Госпожа Ладунер кивнула устало.
— Он был как Лайбундгут, которого я вам показывал, Штудер. Герберт пил, и я оставил его на три месяца в «Н». Вы раскопали это… Вы раскрыли даже его дружбу с Питерленом, с Гильгеном. Он был милый, приятный человек, Герберт Каплаун… Потом я сделал его своим частным пациентом. Я не мог воспрепятствовать тому, чтобы он не узнал о напряженных отношениях, сложившихся между мной и директором. Каплаун пытался, так считаете вы, выразить мне свою благодарность, убив директора, тем более что все свидетельствует против него: мешок с песком, приготовленный для него Питерленом, разговор по телефону в тот вечер, во время «праздника серпа»… Но, Штудер, разве вам не бросилась в глаза одна деталь? Вы действительно верите в то, что старый директор, подозрительный, каким он был, а болезнь еще больше усилила его подозрительность, — вы верите в то, что старый директор вот так ни с того ни с сего взял да и пошел куда–то ночью на свидание? Такой подозрительный, как он? Вы действительно можете в это поверить?

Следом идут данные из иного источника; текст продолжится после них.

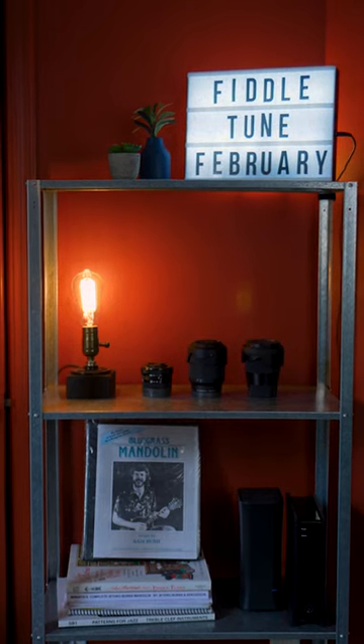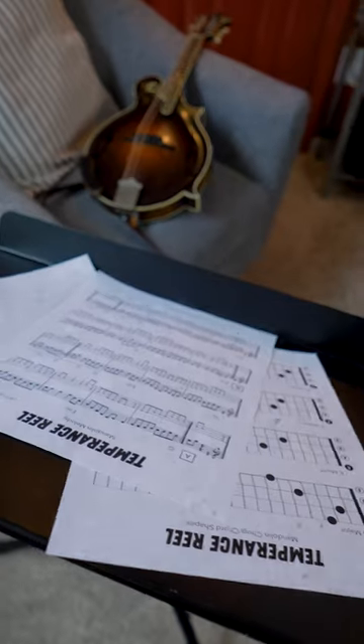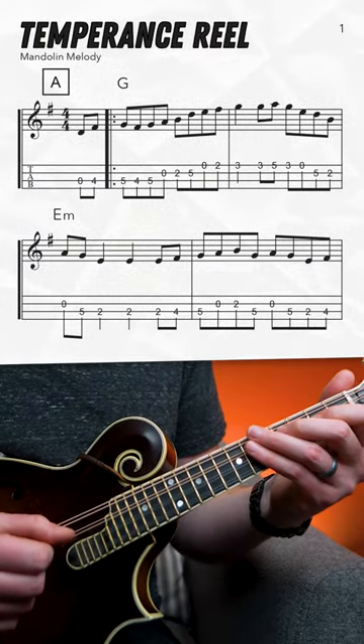All right, day number three of Fiddle Tune February here, and today I want to show you a tune called Temperance Reel. If you don't know it, it sounds like another fiddle tune called Billy in the Low Ground, but this one's in the key of G with some variations on the B section. If you want the transcription, you can grab it over on Patreon. Take a listen here and see what you think. One, two, one, two, three, four.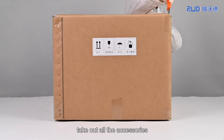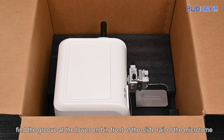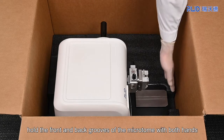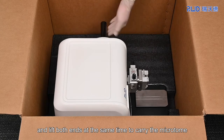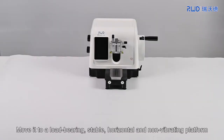2. After unpacking, take out all the accessories. Find the groove at the lower end in front of the slide rail of the microtome and the groove at the middle bottom of the back side of the instrument. Hold the front and back grooves with both hands. Aim the hand wheel at the chest and lift both ends at the same time to carry the microtome. Move it to a load-bearing, stable, horizontal, and non-vibrating platform.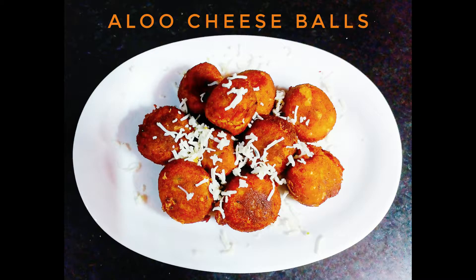So friends, you must try this easy recipe. Do try it and tell me how the recipe turned out. Please like my video and subscribe. Thank you.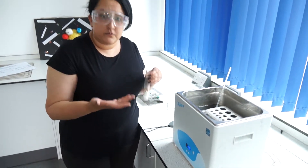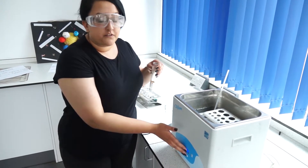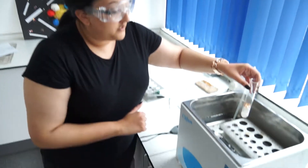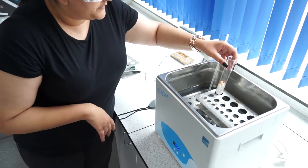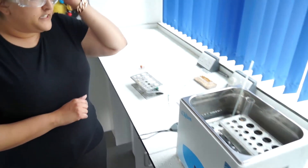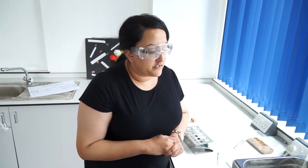You must use at least about 6 temperatures. Put your boiling tube in the water bath — the mealworms won't be harmed — and leave it for about 5 minutes. This is so the mealworms get used to that temperature.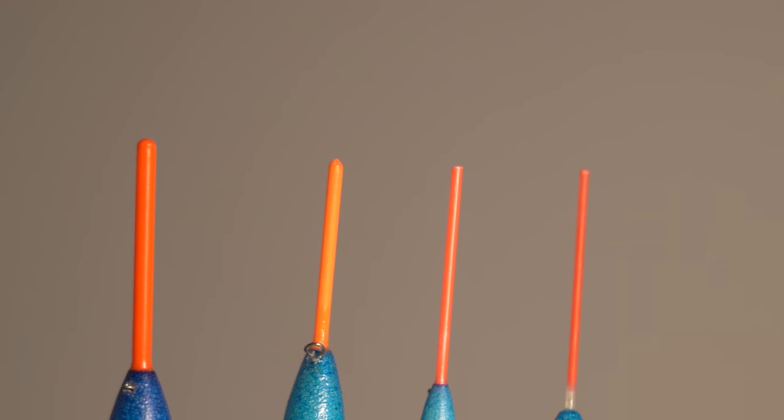The most common float bristle is a plastic bristle, and you can get both a solid plastic bristle and a hollow plastic bristle. This is a hollow plastic bristle, which means there's air inside it. These are great for visibility - they almost seem to absorb sunlight and really glow when there's a bit of sun out. So if you've got difficult light conditions, plastic is definitely the one to go for.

Молчание. Глаза госпожи Ладунер были широко раскрыты, она в страхе смотрела на своего мужа.
— Тут кто–то помог… Кто? В расчет можно брать троих мужчин, — троих, кто мог разговаривать с директором между телефонным звонком и его приходом в котельную… Троих мужчин — и одну женщину. Но женщина отпадает. Остаются: первый — я. (Пожалуйста, не отмахивайтесь, у меня был свой интерес.) Второй — Юцелер, и третий — швейцар Драйер… Моя жена может подтвердить вам, что в ночь с первого на второе сентября я ушел из квартиры без четверти час и вернулся назад только около половины третьего. Как раз вовремя, чтобы меня успели вызвать в «Н» — пациент Питерлен исчез. Что я делал в этот промежуток? Ночной сторож видел меня у двери в котельную, как я бежал за кем–то. Очевидно, за Каплауном… Собственно, ваше подозрение должно было пасть на меня, после того, что сообщил вам ночной сторож. Но вы не стали придавать этому значения. Пусть будет так. Второй, о ком может идти речь, — Юцелер. У него был спор с директором, из–за санитара Гильгена. Юцелер мог бы быть главным в деле, он вполне мог заманить директора в котельную. Но он тоже выпадает из игры, потому что…
Доктор Ладунер нарочно держал паузу, медленно раскуривая сигарету.
— …потому что после безрезультатной беготни за своим подопечным частным пациентом Каплауном я увидел в коридоре полуподвала мужчину, запиравшего дверь котельной… Знаете, кого?
Штудер кивнул. Вдруг все встало на свои места. Он сгорал от стыда. Он действительно ни черта не понял…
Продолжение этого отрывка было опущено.